By Katie Bird , 20-Jul-2009
Last updated on 20-Jul-2009 at 18:08 GMT

Mica, used as a shiny pigment in some color cosmetics, is often sourced with the help of child labor, according to a recent Sunday Times report.

The investigation, published yesterday in the UK newspaper, claims that children as young as six are involved in mining mica in the Jharkand state of Eastern India.

Material from the mine is exported and used in various products, including cosmetics pigments, paints and electrical goods.

The Sunday Times investigation was conducted with child rights group Bachpan Bachao Andolan (BBA), which estimates tens of thousands of children may be working in mica mines in the region.

According to the report, the mica passes through the hands of local exporters who then sell it on to international companies.

The Sunday Times named two Germany-based companies, Merck KGaA and Mahlwerk Neubauer-Friedrich Geffers, as alleged purchasers of mica from a Jharkand exporter who was aware of children’s involvement in the mining.

Mahlwerk Neubauer-Friedrich Geffers was quoted in the newspaper as acknowledging the problem while saying “children worked playfully in a family setting”.

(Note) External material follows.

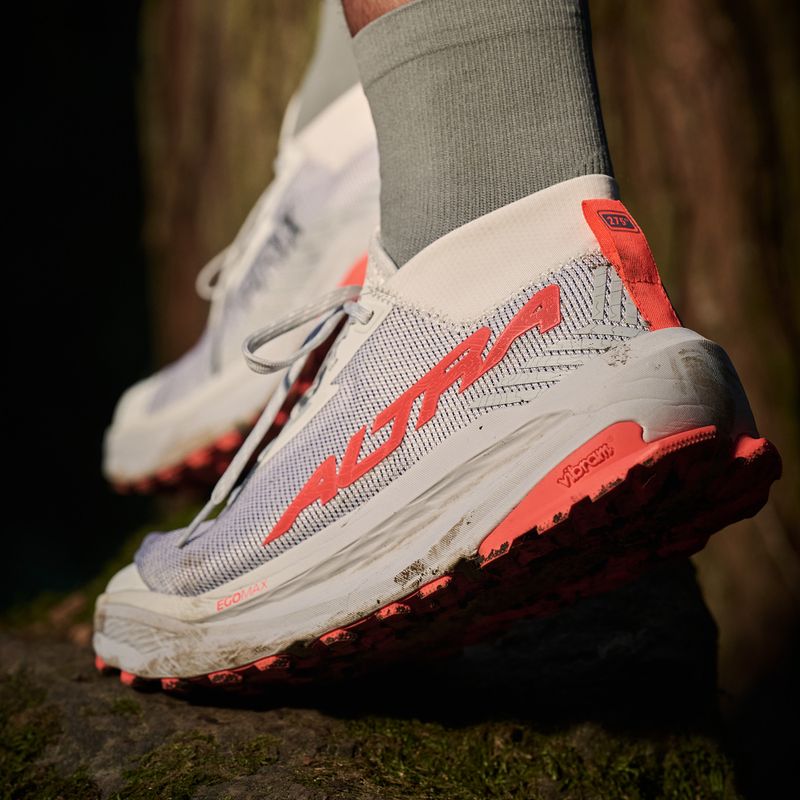 Scarpe da corsa uomo Altra Olympus 275 Hilo vaporous gray/fiery coral 8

The family nature of the work was also referred to by a Merck spokesperson who told the Sunday Times that a study had shown children were involved in the collection of mica but only work in family groups. “It is an important result for us that no cases of permanent work, bonded, or slave labor were found,” as quoted by the newspaper.

Difficult to verify supply chain

Nevetherless, the company added its suppliers were contractually required not to employ children, although it said it was difficult to verify the supply chain in some regions.

However, according to BBA founder Kailash Satyarthi, international corporations need to do more work and take more responsibility in their supply chain.

“Leaving an area or changing one supplier after child labour is found is not the solution. Corporations must ensure that their profits are not made at the cost of children and should work towards elimination of child labour,” Satyarthi said.

“Corporate Social Responsibility lies in a firm commitment throughout the supply chain if we want to eliminate child labour.”

In addition, Satyarthi called on governments, both Indian and those of importing countries, to play a more active role in the elimination of child labor.